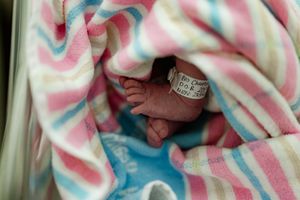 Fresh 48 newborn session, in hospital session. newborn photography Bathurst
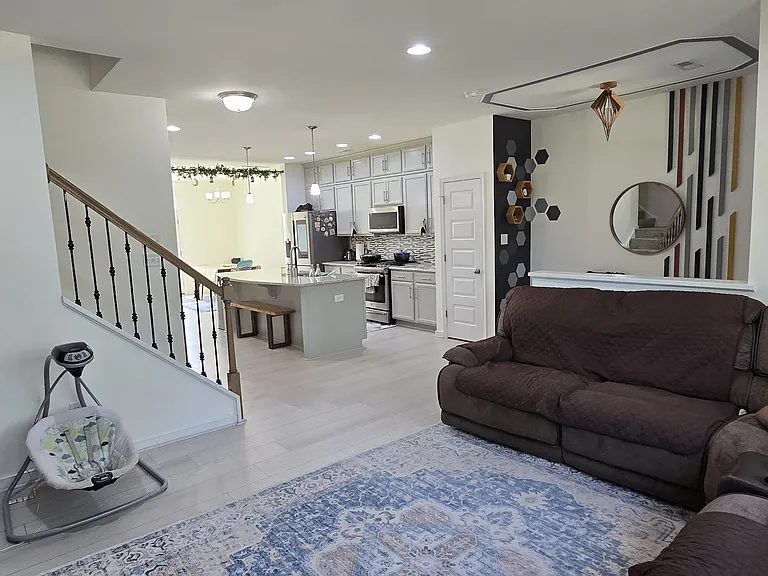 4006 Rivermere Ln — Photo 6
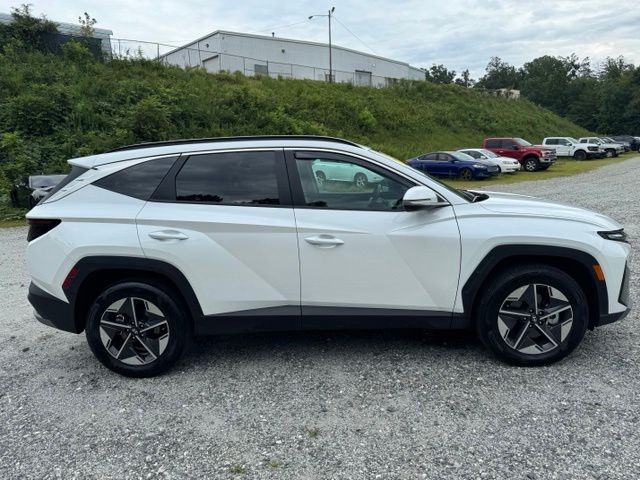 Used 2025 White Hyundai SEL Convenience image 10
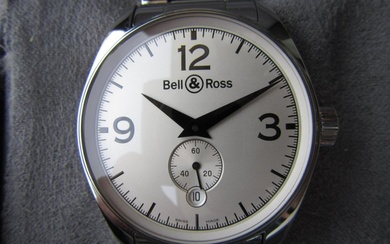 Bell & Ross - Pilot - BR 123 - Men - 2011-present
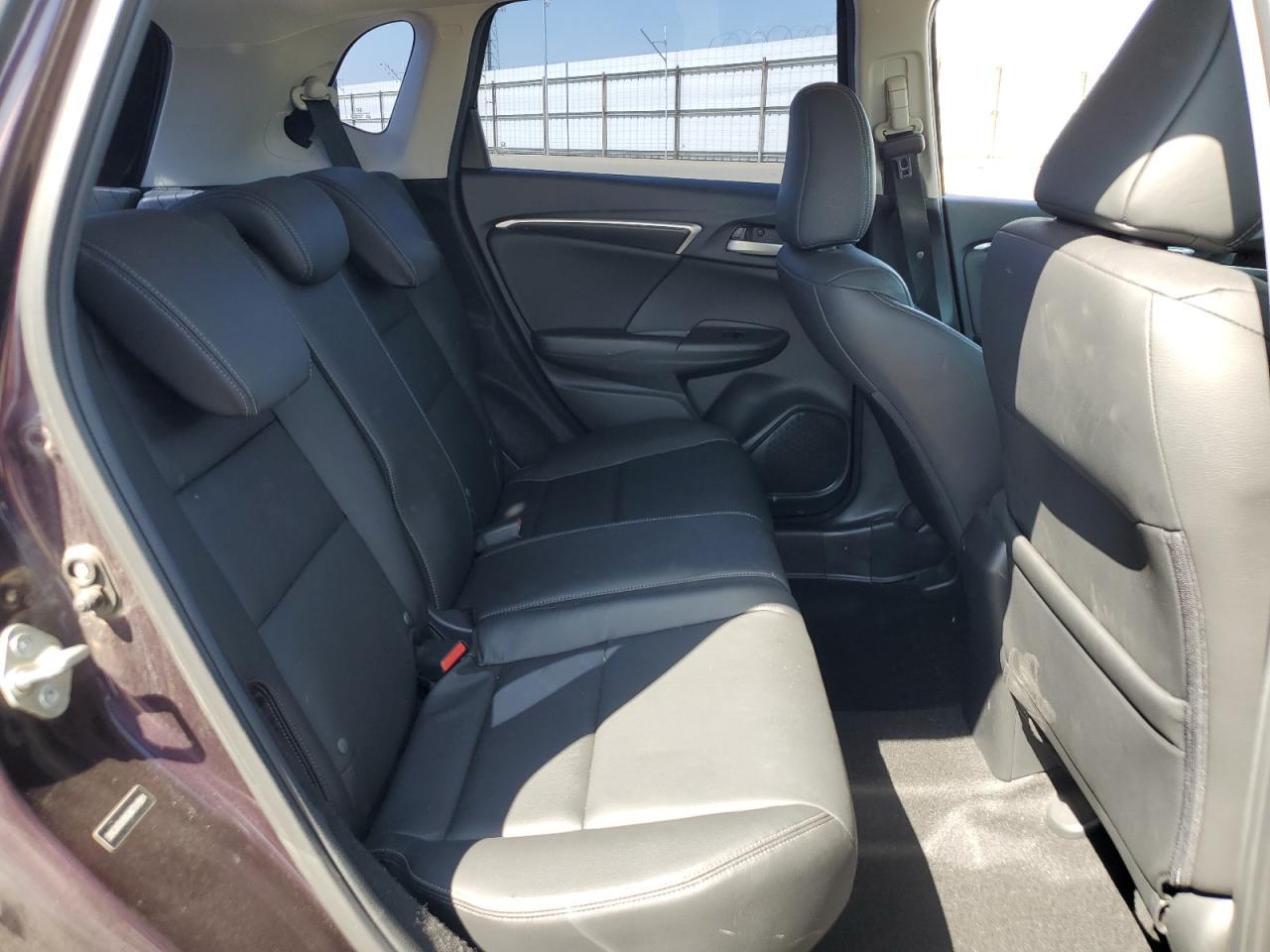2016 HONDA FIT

Task requirements
Every record must be copied exactly, with images dropped from the result.

Solution to this exercise
 Fresh 48 newborn session, in hospital session. newborn photography Bathurst
 4006 Rivermere Ln — Photo 6
 Used 2025 White Hyundai SEL Convenience image 10
 Bell & Ross - Pilot - BR 123 - Men - 2011-present
2016 HONDA FIT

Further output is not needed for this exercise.